We need to see that he is awake, that he has the stamina to pull off a long interview. So he doesn't need to focus on nailing every single little detail and number. Forget about that. Just show the American people that you have the energy to do the job. And, by the way, if you look at his campaign ads coming out of this, they have shifted a little bit.

He was so focused on President Trump as a liar, and he doesn't tell the truth, and I do. Now he's starting to focus on, OK, I get it. I might have age on me, but I have wisdom and I have knowledge.

He's starting to think a little bit more about addressing the age question specifically. That's what he needs to do in this interview. Don't worry about substance. Worry about your energy.

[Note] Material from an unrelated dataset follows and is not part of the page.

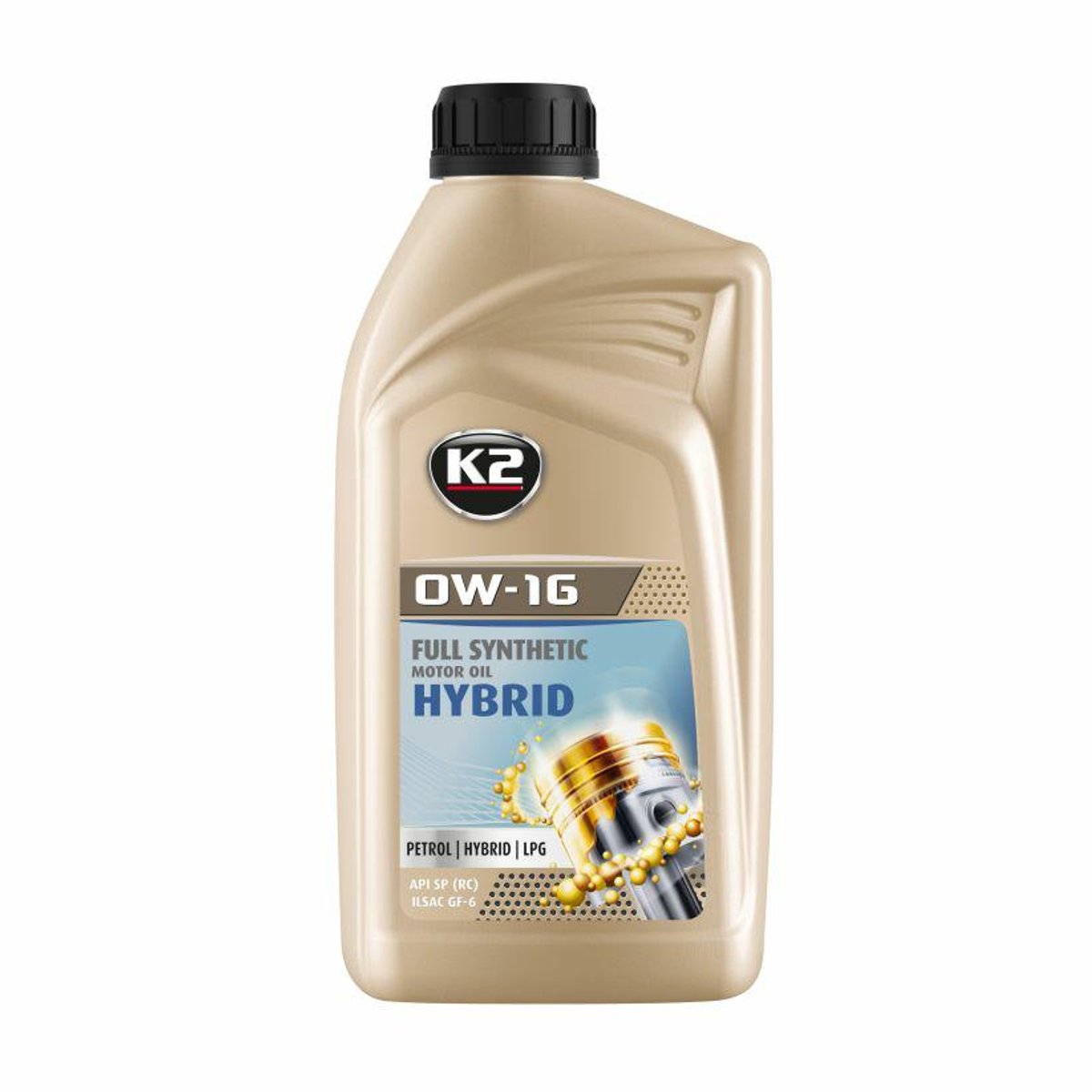 K2 hybrid serie - synthetische motorolie - 0w-16 - hybride motoren - 1l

KEILAR: He did that a little bit coming out of the reveal of Robert Hur's report, where he said he wasn't going to bring charges because he would appear to be this sort of -- pardon me -- I'm not quoting it correctly, but you know the quote .It was like a well-meaning elderly man who was forgetful.

And he did bring energy out of that, but he also made mistakes in his comments that had people questioning his ability, Biden's ability to be coherent.

So, even if he brings energy, how important is that and for him to avoid those mistakes?

FISCHER: Very important.

And there's a few things that he can do tactically to avoid those problems. One, forget about hard numbers. Biden, he's traditionally had a stutter problem, gets caught up sometimes when he's trying to recall the exact figure. Don't worry about that. Think about broad topics, broad points, and drive them home with as much rigor and vigor as you can.

If he tries to get into the nitty-gritty, that's where he tends to get really tripped up, and that's where people start to question his ability to recall facts, his ability to recall concepts, when, in reality, sometimes, it's just him not figuring out small details in real time.

KEILAR: If he doesn't do well, Jeffrey, our reporting indicates that he has confided in someone close to him that the conditions where he would consider stepping aside are if he's tanking in the polls, with donors, if he's performing poorly in interviews.